How to complete this task
Below this line is the material. Write out only its lines from the one containing "Плитка Идальго Граните" through the one containing "Falcam R141 Tripod", both kept, exactly.

Provided data
══════
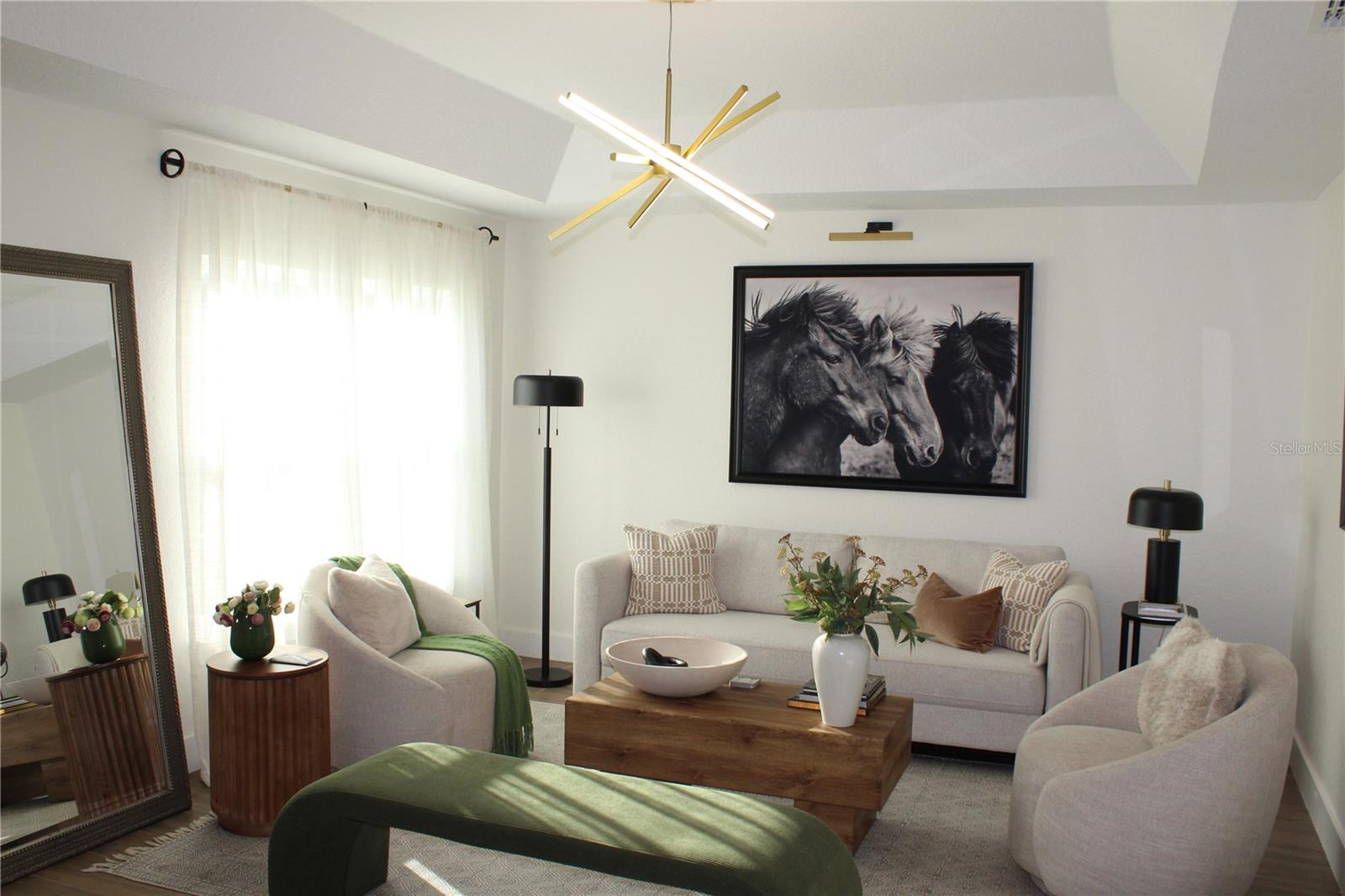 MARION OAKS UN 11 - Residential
══════
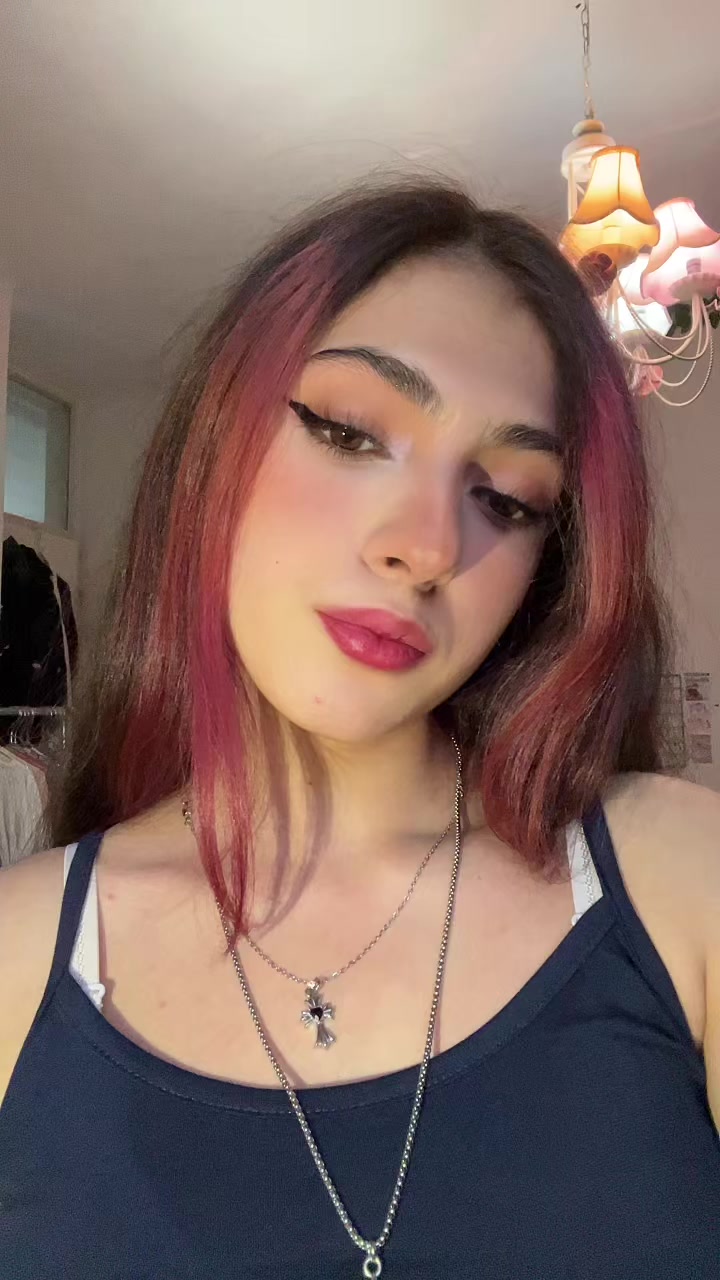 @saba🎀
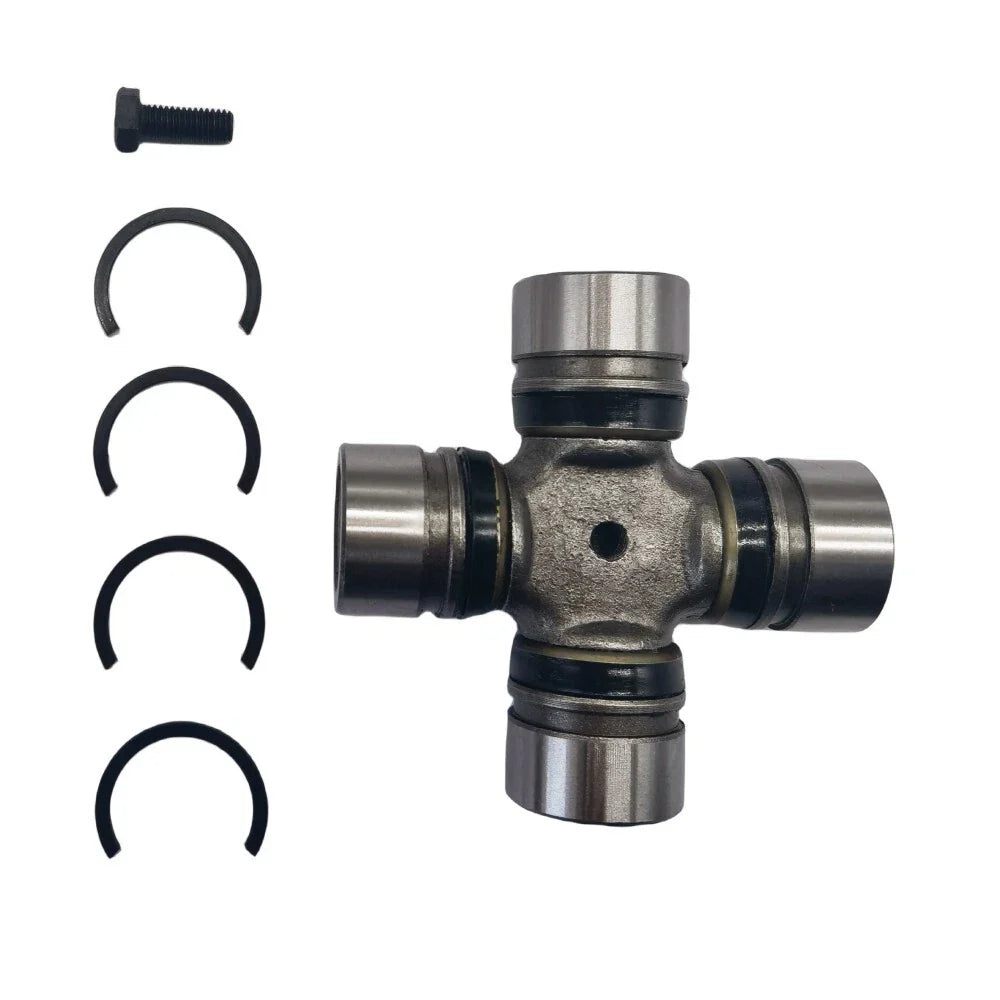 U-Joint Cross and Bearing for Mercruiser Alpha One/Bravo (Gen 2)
══════
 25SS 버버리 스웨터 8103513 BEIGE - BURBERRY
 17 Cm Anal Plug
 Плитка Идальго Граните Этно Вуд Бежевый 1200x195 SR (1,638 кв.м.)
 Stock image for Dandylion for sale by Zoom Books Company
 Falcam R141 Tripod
══════
Answer section
 Плитка Идальго Граните Этно Вуд Бежевый 1200x195 SR (1,638 кв.м.)
 Stock image for Dandylion for sale by Zoom Books Company
 Falcam R141 Tripod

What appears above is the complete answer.